About this exercise:
Only the lines below from the one containing "Ollny 400 LED" through the last line should be set down, exactly as written and with no pictures.

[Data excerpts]
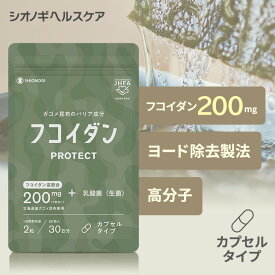 フコイダンPROTECT カプセル200 ＜60粒入り (1日の目安: 2粒)＞【約1ヵ月分】送料無料 がごめ昆布 フコイダン ガゴメ昆布 含有量 フコダイン サプリメント 海藻 健康食品 エキス カプセル ドリンク 効く 持ち運び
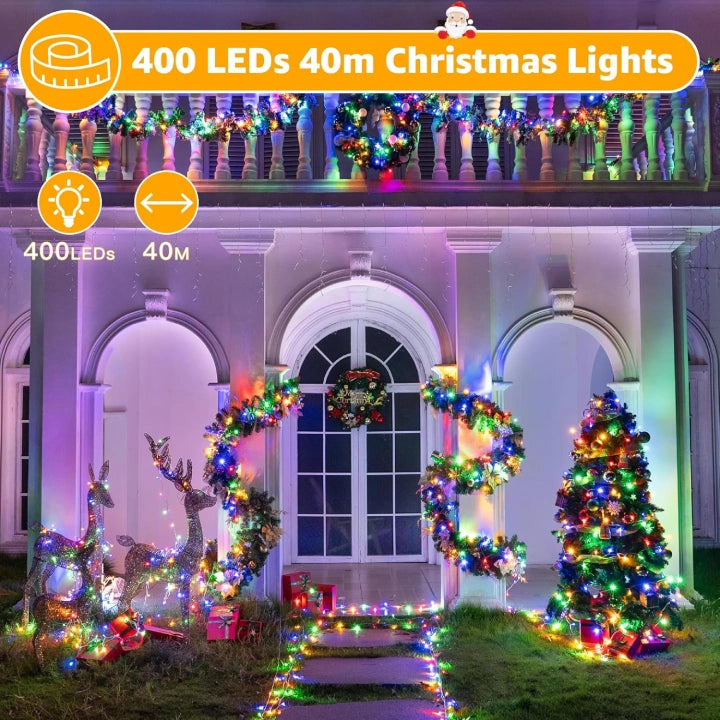 Ollny 400 LED 40m Multicolor Christmas String Lights (Clear Cable, Plug in, 8 Modes)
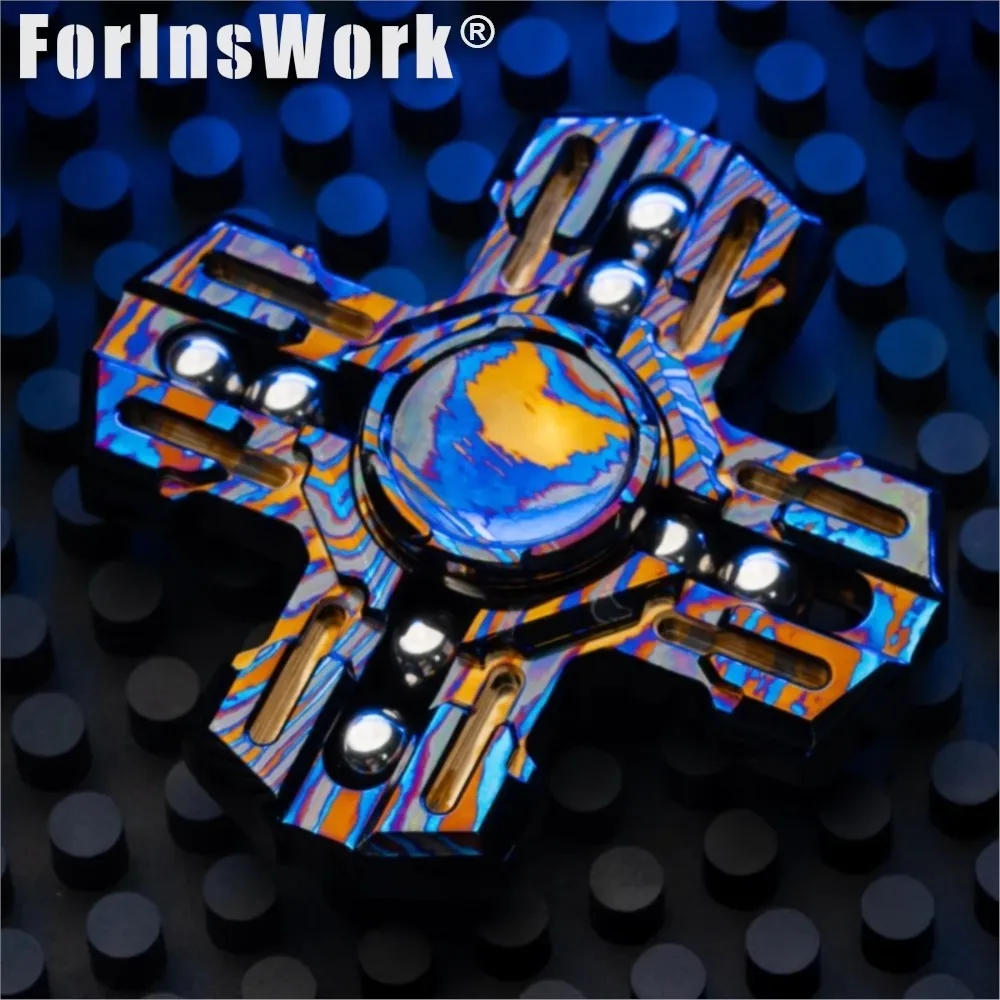 MACKIE Mokuti-woven Paladin Fidget Spinner ของเล่นหมุนได้ความเร็วสูง EDC บรรเทาความเครียด ของเล่นคลายกังวล ของเล่นบนโต๊ะ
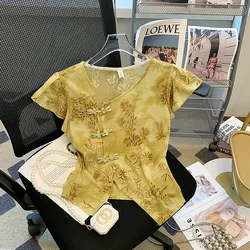 New Chinese style buckle diagonal tie-dyed lace shirt female summer Maillard V-neck short-sleeved shirt irregular mesh top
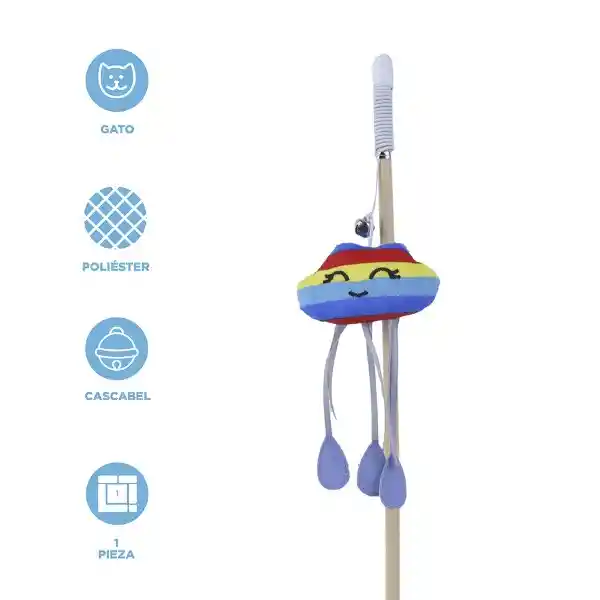 Juguete Para Mascota Vara Gato Borlas Nube Serie Rainbow Miniso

Solution for this exercise:
 Ollny 400 LED 40m Multicolor Christmas String Lights (Clear Cable, Plug in, 8 Modes)
 MACKIE Mokuti-woven Paladin Fidget Spinner ของเล่นหมุนได้ความเร็วสูง EDC บรรเทาความเครียด ของเล่นคลายกังวล ของเล่นบนโต๊ะ
 New Chinese style buckle diagonal tie-dyed lace shirt female summer Maillard V-neck short-sleeved shirt irregular mesh top
 Juguete Para Mascota Vara Gato Borlas Nube Serie Rainbow Miniso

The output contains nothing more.